_Available records_
* * * * *
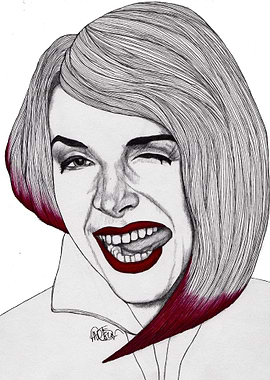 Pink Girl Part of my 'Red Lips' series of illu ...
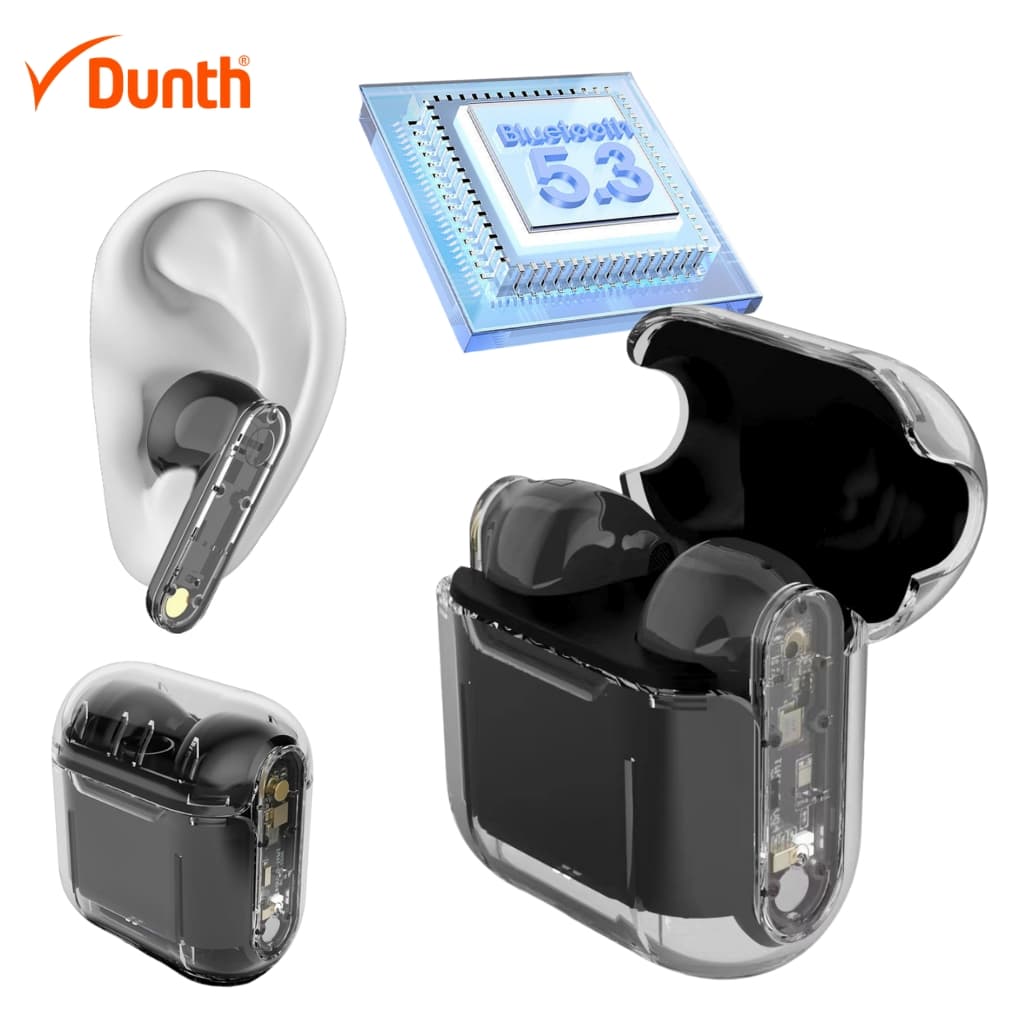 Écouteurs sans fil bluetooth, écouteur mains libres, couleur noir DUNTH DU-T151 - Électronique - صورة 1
* * * * *
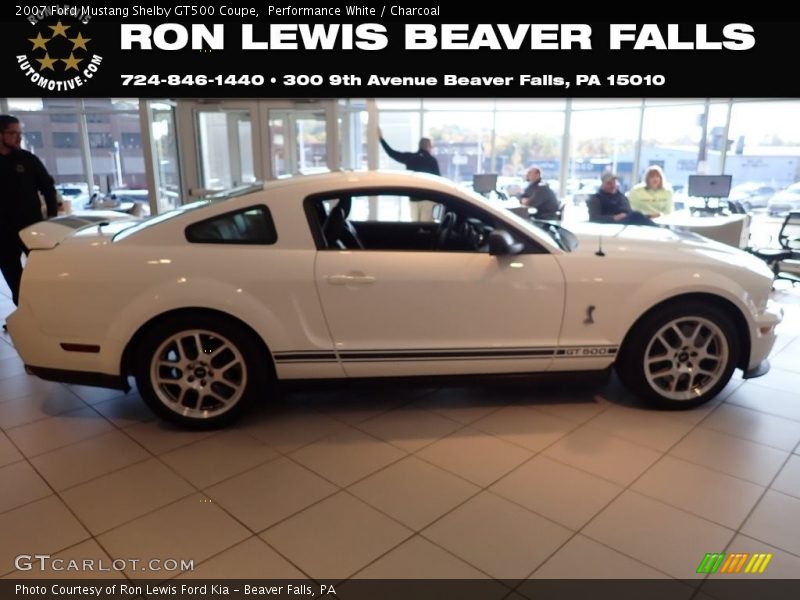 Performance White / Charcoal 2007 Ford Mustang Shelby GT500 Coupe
* * * * *
_Your objective_
Return only the stretch above from the line containing "Pink Girl Part" through the line containing "Écouteurs sans fil", word for word and without pictures.

_Task result_
 Pink Girl Part of my 'Red Lips' series of illu ...
 Écouteurs sans fil bluetooth, écouteur mains libres, couleur noir DUNTH DU-T151 - Électronique - صورة 1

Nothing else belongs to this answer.